- Your task -
For the entries below, print exactly the lines between the line holding "tassie six 4" and the line holding "CAMPER Peu Roda - Sneakers For Girls - Blue", inclusive, and nothing else.

- Stored data -
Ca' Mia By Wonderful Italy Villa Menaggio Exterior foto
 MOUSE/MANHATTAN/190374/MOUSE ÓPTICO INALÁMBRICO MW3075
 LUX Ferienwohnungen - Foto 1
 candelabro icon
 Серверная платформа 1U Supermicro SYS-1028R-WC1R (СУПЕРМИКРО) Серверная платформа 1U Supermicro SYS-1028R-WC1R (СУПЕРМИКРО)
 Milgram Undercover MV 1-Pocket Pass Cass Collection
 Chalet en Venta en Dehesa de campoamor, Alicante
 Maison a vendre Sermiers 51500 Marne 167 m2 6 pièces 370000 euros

...

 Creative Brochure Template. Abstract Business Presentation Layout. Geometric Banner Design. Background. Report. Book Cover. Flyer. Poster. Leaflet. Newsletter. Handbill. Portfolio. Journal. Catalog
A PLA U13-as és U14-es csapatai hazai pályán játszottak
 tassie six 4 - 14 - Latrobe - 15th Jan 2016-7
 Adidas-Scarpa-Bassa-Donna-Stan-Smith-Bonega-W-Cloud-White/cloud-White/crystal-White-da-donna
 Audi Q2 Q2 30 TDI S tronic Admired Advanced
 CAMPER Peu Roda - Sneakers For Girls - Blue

- Solution to this exercise -
 tassie six 4 - 14 - Latrobe - 15th Jan 2016-7
 Adidas-Scarpa-Bassa-Donna-Stan-Smith-Bonega-W-Cloud-White/cloud-White/crystal-White-da-donna
 Audi Q2 Q2 30 TDI S tronic Admired Advanced
 CAMPER Peu Roda - Sneakers For Girls - Blue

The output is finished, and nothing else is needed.